For survival analysis, the accelerated failure time model was selected as it is a parametric model that accounts for censoring and is considered the most accurate in the context of MI for independent variables with missing data.
All statistical analyses were conducted with SAS® (version 9.4, SAS Institute).
3. RESULTS
3.1. Patient characteristics
In the total population of 434 patients, 188 patients with NET were identified of which 94 (50%) were male (Table 1). Tumors were located mainly in the digestive tract (n = 120, 63.8%), followed by lung (n = 38, 20.2%), unknown primary site (n = 19, 10.1%), urogenital (n = 8, 4.3%) and other locations (n = 3, 1.6%). A significant difference in age at diagnosis for tumor location was observed (p < 0.001). However, the interaction between gender and tumor location was not significant (p = 0.65, Supporting Information: Table 1A–C). Patients with appendiceal NET were younger than other tumor locations, respectively, a mean age of 41.3 and 64.0 years (Supporting Information: Table 2).
Table 1.
Patient and tumor characteristics.
| No. (%) | p value | |
|---|---|---|
| Tumor location (n = 188) | ||
| Appendix | 32 (17.0) | |
| Colon incl. rectum | 28 (14.9) | |
| Lung | 38 (20.2) | |
| Pancreas | 18 (9.6) | |
| Small bowel | 31 (16.5) | |
| Age (years, mean/SE) | 59.8/1.33 | |
| Appendix | 41.3/2.89 | |
| Colon incl. rectum | 64.4/3.09 | |
| Lung | 64.9/2.65 | |
| Pancreas | 62.1/3.86 | |
| Small bowel | 62.7/2.94 | |
| Sex | 0.56 | |
| Male | 94 (50) | |
| Female | 94 (50) | |
| Active smoker, smoking <5 years ago | 46 (24.5) | |
| Symptomatic | 95 (50.5) | |
| Metastases at diagnosis | 37 (19.7) | |
| Second primary | 48 (25.5) | |
| Center of diagnosis (Hospital 1/2) | 0.06 | |
| Overall | 93/95 (49.5/50.5) | |
| Appendix | 13/19 (40.6/59.4) | |
| Colon | 15/13 (53.6/46.4) | |
| Lung | 11/27 (28.9/71.1) | |
| Pancreas | 14/4 (77.8/22.2) | |
| Small bowel | 19/12 (61.3/38.7) | 
Note: Wald test of comparison with the empty model was used to test for significance. 0.05 significance level is applied.

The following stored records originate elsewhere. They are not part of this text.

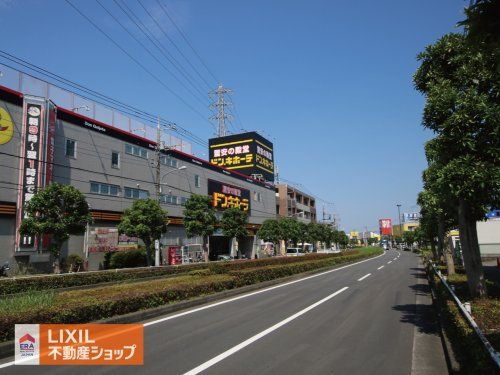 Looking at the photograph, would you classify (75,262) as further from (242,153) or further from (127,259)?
(242,153)

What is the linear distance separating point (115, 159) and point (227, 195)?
23185 mm

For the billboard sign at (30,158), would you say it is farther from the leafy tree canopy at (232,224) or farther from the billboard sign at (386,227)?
the billboard sign at (386,227)

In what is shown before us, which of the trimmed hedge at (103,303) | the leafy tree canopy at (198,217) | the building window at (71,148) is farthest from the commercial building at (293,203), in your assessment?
the trimmed hedge at (103,303)

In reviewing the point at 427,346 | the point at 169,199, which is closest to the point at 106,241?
the point at 169,199

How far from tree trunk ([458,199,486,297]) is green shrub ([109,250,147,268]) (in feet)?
96.9

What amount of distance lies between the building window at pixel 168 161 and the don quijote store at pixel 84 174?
11 centimetres

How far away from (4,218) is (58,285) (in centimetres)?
1016

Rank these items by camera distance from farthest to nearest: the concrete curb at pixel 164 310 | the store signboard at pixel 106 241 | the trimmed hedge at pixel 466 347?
the store signboard at pixel 106 241
the concrete curb at pixel 164 310
the trimmed hedge at pixel 466 347

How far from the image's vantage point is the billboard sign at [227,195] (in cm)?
5522

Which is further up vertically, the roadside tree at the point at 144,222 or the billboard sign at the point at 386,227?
the billboard sign at the point at 386,227

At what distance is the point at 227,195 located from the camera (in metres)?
58.8

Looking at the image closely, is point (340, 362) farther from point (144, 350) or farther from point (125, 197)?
point (125, 197)

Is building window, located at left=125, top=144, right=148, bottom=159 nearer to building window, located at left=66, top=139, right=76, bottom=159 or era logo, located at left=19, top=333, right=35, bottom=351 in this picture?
building window, located at left=66, top=139, right=76, bottom=159

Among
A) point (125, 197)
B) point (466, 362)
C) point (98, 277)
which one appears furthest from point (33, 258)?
point (466, 362) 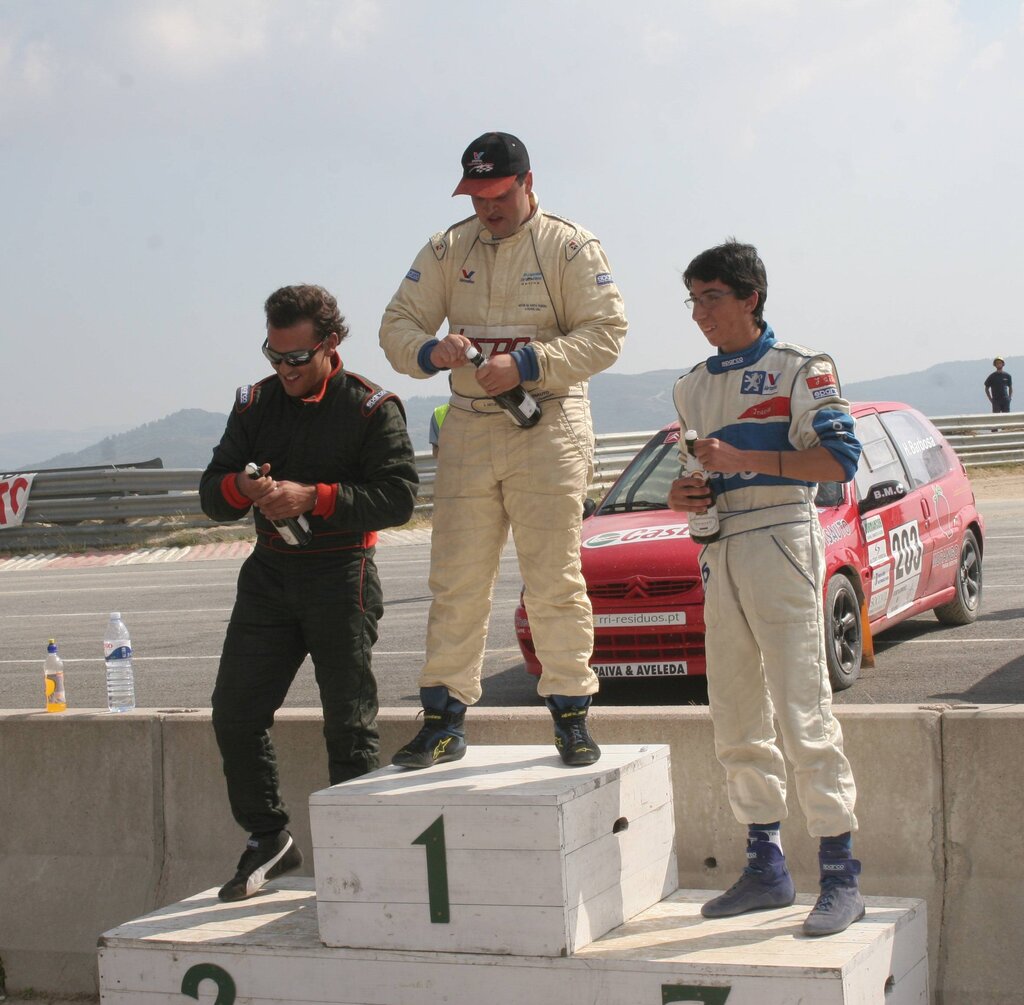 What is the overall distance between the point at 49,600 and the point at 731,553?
14543 millimetres

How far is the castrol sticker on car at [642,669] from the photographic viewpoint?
8.38m

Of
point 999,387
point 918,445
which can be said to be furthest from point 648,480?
point 999,387

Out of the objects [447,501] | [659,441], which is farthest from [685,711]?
[659,441]

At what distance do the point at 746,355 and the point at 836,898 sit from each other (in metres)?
1.63

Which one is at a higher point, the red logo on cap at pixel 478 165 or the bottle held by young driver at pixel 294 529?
the red logo on cap at pixel 478 165

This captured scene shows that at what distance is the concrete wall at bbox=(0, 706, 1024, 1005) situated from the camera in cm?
468

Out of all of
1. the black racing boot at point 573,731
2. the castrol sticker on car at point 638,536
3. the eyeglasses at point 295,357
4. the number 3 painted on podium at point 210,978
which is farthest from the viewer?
the castrol sticker on car at point 638,536

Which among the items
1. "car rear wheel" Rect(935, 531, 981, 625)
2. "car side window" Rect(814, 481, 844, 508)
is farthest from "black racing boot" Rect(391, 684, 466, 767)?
"car rear wheel" Rect(935, 531, 981, 625)

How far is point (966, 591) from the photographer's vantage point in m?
11.1

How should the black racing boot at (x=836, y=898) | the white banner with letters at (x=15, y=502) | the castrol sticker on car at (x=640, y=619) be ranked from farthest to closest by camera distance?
the white banner with letters at (x=15, y=502), the castrol sticker on car at (x=640, y=619), the black racing boot at (x=836, y=898)

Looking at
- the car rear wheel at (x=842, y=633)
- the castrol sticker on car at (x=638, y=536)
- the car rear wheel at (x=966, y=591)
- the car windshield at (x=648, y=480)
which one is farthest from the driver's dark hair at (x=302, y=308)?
the car rear wheel at (x=966, y=591)

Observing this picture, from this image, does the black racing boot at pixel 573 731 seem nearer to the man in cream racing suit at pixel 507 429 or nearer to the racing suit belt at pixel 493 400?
the man in cream racing suit at pixel 507 429

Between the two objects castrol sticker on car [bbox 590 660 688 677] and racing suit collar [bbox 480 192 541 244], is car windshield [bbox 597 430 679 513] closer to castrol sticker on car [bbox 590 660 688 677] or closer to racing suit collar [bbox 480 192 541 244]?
castrol sticker on car [bbox 590 660 688 677]

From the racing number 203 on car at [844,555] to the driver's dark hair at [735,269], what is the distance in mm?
4002
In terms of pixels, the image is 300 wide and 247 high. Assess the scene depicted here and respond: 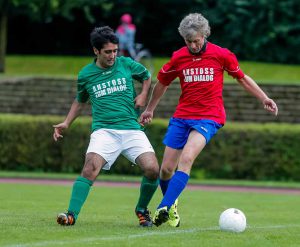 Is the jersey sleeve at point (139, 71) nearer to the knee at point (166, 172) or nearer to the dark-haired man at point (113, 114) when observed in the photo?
the dark-haired man at point (113, 114)

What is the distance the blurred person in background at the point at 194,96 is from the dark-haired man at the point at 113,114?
1.00ft

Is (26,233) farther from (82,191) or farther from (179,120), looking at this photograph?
(179,120)

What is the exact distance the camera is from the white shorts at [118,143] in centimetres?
998

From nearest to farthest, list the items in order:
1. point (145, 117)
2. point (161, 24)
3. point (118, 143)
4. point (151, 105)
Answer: point (118, 143) → point (145, 117) → point (151, 105) → point (161, 24)

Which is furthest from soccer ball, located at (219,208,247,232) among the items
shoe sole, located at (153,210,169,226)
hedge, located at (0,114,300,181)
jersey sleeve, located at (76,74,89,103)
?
hedge, located at (0,114,300,181)

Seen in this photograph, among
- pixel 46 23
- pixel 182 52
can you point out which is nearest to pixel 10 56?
pixel 46 23

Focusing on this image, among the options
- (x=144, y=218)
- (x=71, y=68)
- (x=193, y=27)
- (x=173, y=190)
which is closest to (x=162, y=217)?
(x=173, y=190)

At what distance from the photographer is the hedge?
806 inches

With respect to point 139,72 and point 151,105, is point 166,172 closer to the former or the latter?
point 151,105

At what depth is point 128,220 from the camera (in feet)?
36.0

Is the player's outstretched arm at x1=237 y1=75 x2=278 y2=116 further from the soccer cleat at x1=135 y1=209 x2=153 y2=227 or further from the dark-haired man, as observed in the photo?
the soccer cleat at x1=135 y1=209 x2=153 y2=227

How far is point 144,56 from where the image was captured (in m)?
30.9

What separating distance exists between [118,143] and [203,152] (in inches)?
410

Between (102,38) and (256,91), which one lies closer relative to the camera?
(102,38) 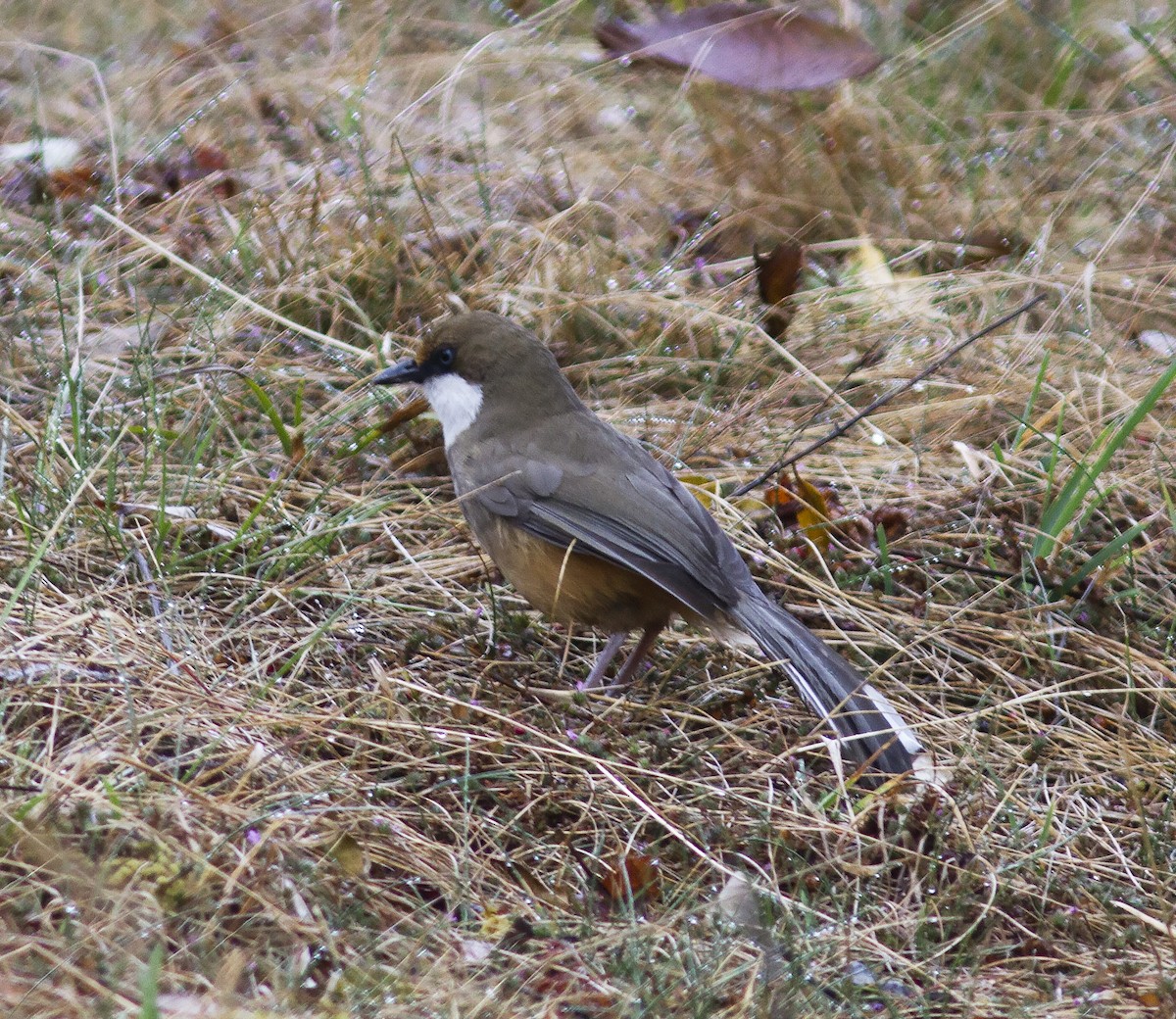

Abbreviation: SE, standard error.
There was no significant difference in age between known and unknown tumor location (p = 0.59, Supporting Information: Table 3A,B). Tumor location did not differ between the two medical centers (p = 0.06, Table 1), except for pancreatic NET: almost 78% of all pancreatic NETs were diagnosed at Hospital 1 (Supporting Information: Table 4A,B).
Table 3.
Use of diagnostic modalities.
| Nuclear (PET/SRS) (%) | Imaging (US/X‐ray/CT/MRI) (%) | |
|---|---|---|
| Tumor location | ||
| Overall | 29.8 | 74.5 | 
| Appendix | 6.3 | 71.1 | 
| Colon | 7.1 | 67.9 | 
| Lung | 65.3 | 88.2 | 
| Pancreas | 44.5 | 83.3 | 
| Small bowel | 17.1 | 93.2 | 
| Hospital 1/2 | ||
| Overall | 23.7/35.8 | 75.3/73.7 | 
| GEP‐NETs | 13.6/14.8 | 74.2/72.2 | 
| Lung | 50.0/66.7 | 83.3/81.5 | 
Abbreviations: CT, computerized tomography; GEP‐NET, gastroenteropancreatic neuroendocrine tumor; MRI, magnetic resonance imaging; PET, positron emission tomography; SRS, somatostatin receptor scintigraphy; US, ultrasonography.
Table 4.
First‐line therapy according to tumor location and effect of tumor location on choice of first‐line therapy.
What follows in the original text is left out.